The service caps a week of mourning, with Americans quietly filing past the flag-draped coffin in the U.S. Capitol to pay their respects to Carter, who died on December 29 at the age of 100 in his home state of Georgia.
President Joe Biden will deliver the eulogy for his fellow Democrat at the Episcopal church, a traditional venue for U.S. presidential send-offs, including those of Dwight Eisenhower, Ronald Reagan, and George H.W. Bush.
Biden revealed in an interview with USA Today published Wednesday that Carter had asked him to do the honours when the two longstanding friends met for the last time four years ago.
"Carter was a decent man. I think Carter looked at the world not from here but from here, where everybody else lives," Biden said, gesturing from above his head towards his heart.
Biden's living predecessors Bill Clinton, George W. Bush, Barack Obama, and Donald Trump are expected to join around 3,000 mourners at the service. Thursday has been designated a national day of mourning, with federal offices closed.
Carter, who served a single term before suffering a crushing election loss to Ronald Reagan in 1980, was once perceived as naive and weak in the dog-eat-dog world of Washington politics.
A more nuanced image of him has emerged as the years passed, reassessing achievements like brokering a peace deal between Israel and Egypt.

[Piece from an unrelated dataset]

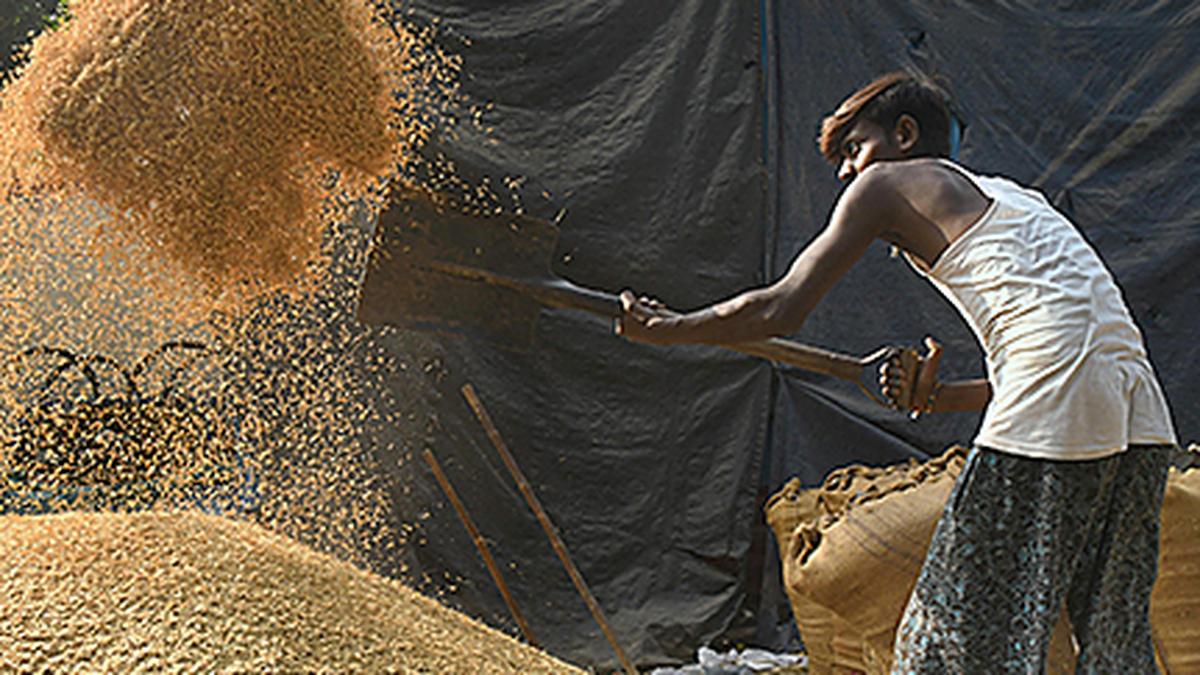 Union Cabinet approves hike in MSP for Rabi crops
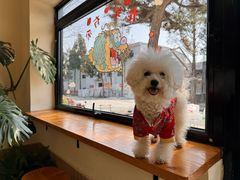 -小意思咖啡店(草桥店)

He also received high praise for his post-presidential humanitarian efforts, earning the Nobel Peace Prize in 2002.
The first president to reach triple digits, Carter had been in hospice care since February 2023 in his hometown of Plains, Georgia, where he died and will be buried next to his late wife, former first lady Rosalynn Carter.
Mourners began paying their respects on Saturday, as the carefully choreographed six-day farewell commenced with U.S. flags flying at half-staff across the country.
A black hearse bearing Carter's remains paused at his boyhood family peanut farm in Plains, where a bell was rung 39 times, and staff stood in silent tribute.
Crowds gathered along the roadside to bid their farewells, snap photographs, or salute as the motorcade slowly rolled past.
Carter's flag-draped casket arrived at Washington's snow-covered U.S. Capitol on Tuesday atop a gun carriage. It was accompanied by hundreds of service members, with military pallbearers carrying Carter to the Rotunda to lie in state ahead of Thursday's ceremony the first presidential funeral since George H.W. Bush died in 2018.
Chuck Schumer, the Democratic leader in the Senate, described Carter as "one of the most decent and humble public servants we have ever seen."
"President Carter was a living embodiment of leadership through service, compassion, and a thirst for justice for all," he said.